The light troops of the Macedonian army were of peculiar importance. They came from the countries of the Odrysians, Triballians, Illyrians, Agrians, and from upper Macedonia; they were armed with their national weapons of offence and defence, and exercised by the hunting and raiding to which they were accustomed at home and the countless petty wars of their chieftains, they were of extreme value in skirmishing, covering the line of march, and for all the purposes served by Pandours, Croats, and Highlanders in modern warfare. The most famous among them are the Agrian chasseurs and the Macedonian archers, who may have formed together a corps of about two thousand men. There is hardly a battle in which they do not play a prominent part, and the devotion with which they fought is testified by the circumstance that the post of toxarch had to be filled afresh three times in one year. At the opening of the campaign it was held by Clearchus, Attalus being in command of the Agrianians. The strength of the other light troops, usually known by the general designation of Thracians, was five thousand men, under the command of the Thracian prince Sitalces.

It is obvious that in these troops Alexander brought into use a strategic element hitherto practically non-existent.
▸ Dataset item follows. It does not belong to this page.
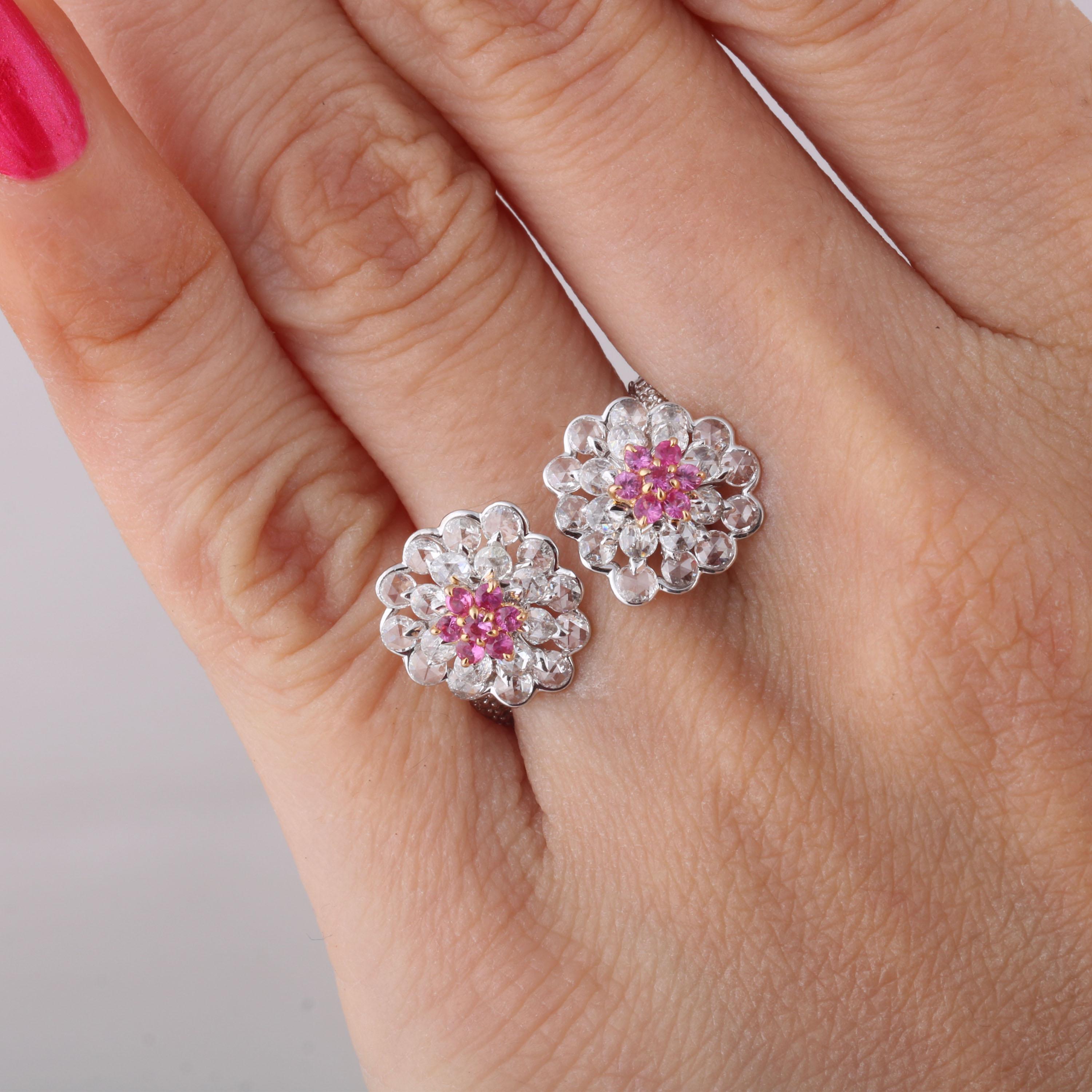 Studio Rêves Diamonds and Pink Sapphire Cluster Ring in 18 Karat Gold 2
At all events, the light troops of the Greek armies before his time had been of no great importance, either by numbers or by the uses which they served; nor had they escaped a certain amount of contempt—a natural result of the Greek preference for sword-play, rendered more natural by the fact that their light infantry was composed partly of the off-scouring of the people and partly of barbarian mercenaries. There now appeared on the scene light troops whose national characteristics proved advantageous in this particular kind of fighting, and whose strength and glory lay in those arts of surprise, alarm, and retreat in apparent confusion, which seemed purposeless and questionable to Greek warriors. The famous Spartan general Brasidas himself confessed that the onset of these tribes—with their loud war-cries and the menacing waving of their weapons—had in it something alarming; their capricious transition from attack to flight, and from disorder to pursuit something terrible, against which nothing but the strict discipline of a Hellenic regiment could make it proof. As a matter of fact, these bands were able to fulfil their object to perfection because, being light troops by nature, they needed, when combined with the serried masses of the army, to be used for no purpose except that for which they were naturally fit.
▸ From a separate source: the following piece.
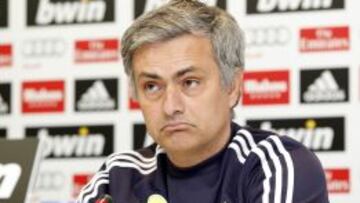 José Mourinho, en la sala de prensa de Valdebebas.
The fundamental principle of the battle array of the Macedonian army was as follows. The army formed two wings, the left under Parmenion, and the right (which usually made the main attack) under Alexander. The infantry of both wings, four divisions of the phalanxes on the right and two, with the corps of hypaspists, on the left, formed the main line, to which were attached the light and heavy cavalry and the light infantry; the invariable order being that the Macedonian guards were on the right, with the Pæonian cavalry and skirmishers, the Agrianian chasseurs and the archers; and the Thessalian guards on the left, with the Greek cavalry, Agathon’s Odrysian Thracians, and, lastly, the light infantry, which was often detached from the fighting-line to protect the camp and baggage. In the closest formation, when the phalanx was covered by its shields and stood sixteen deep, and the cavalry eight deep, the line of battle required a plain of at least half a mile in breadth to deploy in, as a rule the phalanxes alone forming a line nearly five thousand paces long.

Such was the army with which Alexander proposed to conquer the East. Though relatively small in numbers it had every prospect of success by reason of its organisation, the excellent discipline of the several corps, the moral force of all, and finally, the personal character of the king and his generals. The Persian empire was not in a position to offer resistance; in its extent, the condition of its subject races, and the inefficiency of its government it contained the elements of its inevitable ruin.